It was cast well with each of them seeming to be the right person for the roles and the direction from Peter Sebastian definitely transported us right there to that exact waiting room with the people around us.
The second offering of the night was ‘There’s a Man on a Mountain’ by Jamie McLoughlin. I think this may have been my favourite of the evening. The writing was so clever, transporting us to a mountain range in Asia in the 1920s. After a tough climb in adverse conditions, The Visitor (Lew Freeburn) reaches the cave he’s heard about in myths and legends of the local villagers. The Man (James Dorman) greets him and invites him to settle in and offload his problems. They come to an arrangement, then an argument breaks out. The writing is thought out, and leaves us on the edge of our seats for the whole piece; what was the myth that The Visitor heard? Who is The Man? How did he end up on the mountain? And it leaves us guessing throughout. Freeburn and Dorman bounced off each other and definitely left me wanting more, although I’m not sure who I wanted to hear more about the most! Directed by Zara Marie Brown, the whole team behind this piece need applauding and I look forward to keeping an eye out for this in the future.
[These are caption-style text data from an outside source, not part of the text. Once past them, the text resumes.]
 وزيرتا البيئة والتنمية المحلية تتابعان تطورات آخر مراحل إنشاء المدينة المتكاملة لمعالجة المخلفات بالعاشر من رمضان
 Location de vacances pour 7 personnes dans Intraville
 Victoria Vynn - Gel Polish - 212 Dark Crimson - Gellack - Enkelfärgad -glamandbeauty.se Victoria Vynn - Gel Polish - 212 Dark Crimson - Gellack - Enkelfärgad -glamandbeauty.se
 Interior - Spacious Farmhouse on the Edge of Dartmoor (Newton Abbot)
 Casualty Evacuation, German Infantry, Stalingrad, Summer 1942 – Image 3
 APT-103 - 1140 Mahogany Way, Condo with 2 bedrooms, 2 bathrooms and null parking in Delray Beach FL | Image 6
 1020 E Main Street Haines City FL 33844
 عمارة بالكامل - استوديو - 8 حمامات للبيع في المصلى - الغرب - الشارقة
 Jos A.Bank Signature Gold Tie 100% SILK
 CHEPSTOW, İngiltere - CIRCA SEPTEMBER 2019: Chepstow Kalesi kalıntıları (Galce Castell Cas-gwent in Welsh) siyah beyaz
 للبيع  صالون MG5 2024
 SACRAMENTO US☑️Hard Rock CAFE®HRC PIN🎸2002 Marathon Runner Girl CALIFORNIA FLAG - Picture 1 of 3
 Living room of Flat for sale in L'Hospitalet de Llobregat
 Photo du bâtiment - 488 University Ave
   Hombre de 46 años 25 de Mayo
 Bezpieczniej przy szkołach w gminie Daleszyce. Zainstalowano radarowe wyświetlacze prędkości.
After the interval, we had ‘Town Hall Tantrums’ from Peter Edmondson. What seemed to start out as a satirical comedy, ended up as more of a fantasy piece, although I’m not fully sure how we got there. We started in the council where they were deciding which company to use to build the new city centre housing on the old park, then we are taken to the park where we meet Errol and Jimmy who meet the Mole of Edge Hill, who died in the 1800s. The use of the same cast in the two scenes was very clever, it just felt a bit jarring and unclear as to how we got from one scene to the other. With a bit of work and a few changes, this does promise to be a very satirical and thought-provoking play.
We ended the evening with ‘Blue Bra Red Undies’ by Darren Anglesea; which would definitely hit home for a lot of families on Merseyside. We met Dave (Phil Perez) and Trish (Pamela Ashton) who had been married for 27 years, even though Dave is an avid Liverpool FC fan and Trish is all about Everton. Every year on Derby Day they make a bet; Liverpool win and Dave gets some action; Everton win and Trish gets a holiday to a destination of her choosing. We learn how they met, their thoughts on the other and their love of their own team. It’s a funny piece that will ring true throughout Merseyside twice a year! Perez and Ashton worked well together and are definitely believable as a couple who had been together for 27 years, the only slight issue was a sound effect being played at the wrong moment and Perez staying in character to berate the sound desk. This felt like a piece that would definitely be sure to be a sell out to Liverpool crowds and could possibly be adapted for other football-crazy towns and cities, further down the line as well.
The Lantern Writers know how to put on a boss night, and I look forward to keeping an eye out for developed and developing pieces from them in the future.
The four pieces of the evening don’t qualify for a star rating at present, due to their short length, but I know North West End UK will be eagerly anticipating the full-length performances in future.